* _What is needed_:
Copy the data exactly, pictures aside.

Image-text web data:
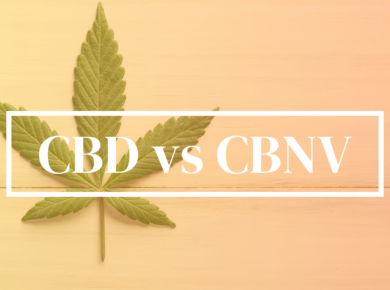 CBD vs. CBNV: Unveiling the Mysteries| Kush.com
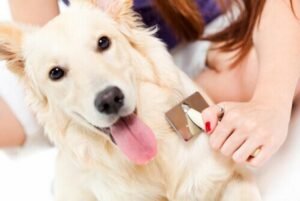 Esistono cani che non perdono pelo?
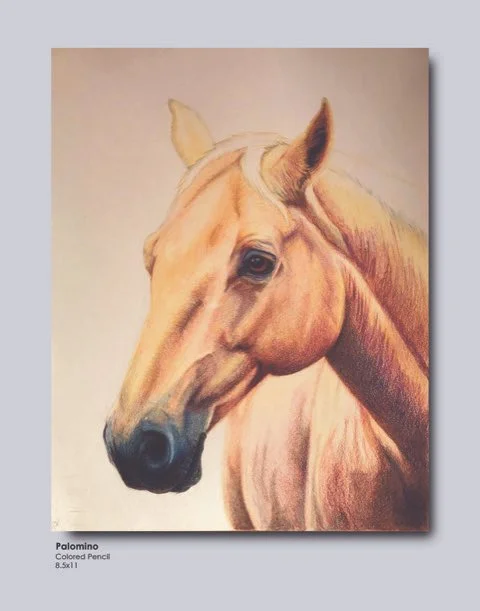 PortfolioPgCPencilPalomino.jpeg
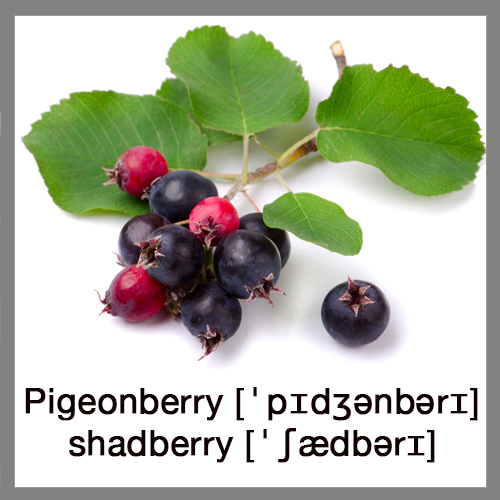 pigeonberry-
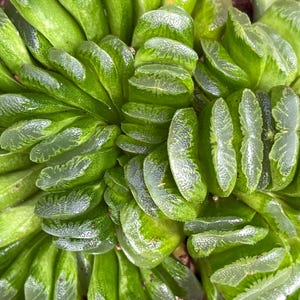 Haworthia truncata ‘Lime Green’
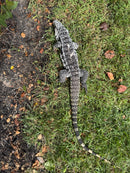 Blue Tegu Adult Female Breeder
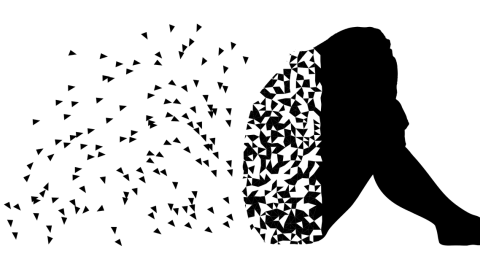 Imagen de Gordon Johnson en Pixabay Imagen de Gordon Johnson en Pixabay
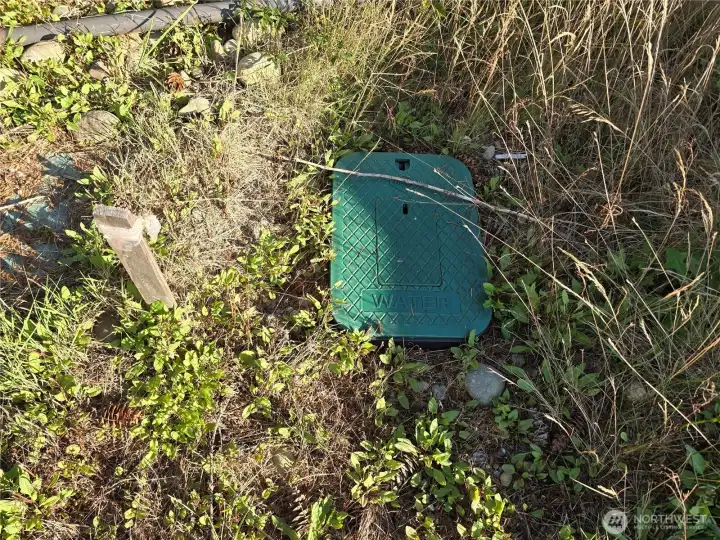 Water on property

* _Result_:
 CBD vs. CBNV: Unveiling the Mysteries| Kush.com
 Esistono cani che non perdono pelo?
 PortfolioPgCPencilPalomino.jpeg
 pigeonberry-
 Haworthia truncata ‘Lime Green’
 Blue Tegu Adult Female Breeder
 Imagen de Gordon Johnson en Pixabay Imagen de Gordon Johnson en Pixabay
 Water on property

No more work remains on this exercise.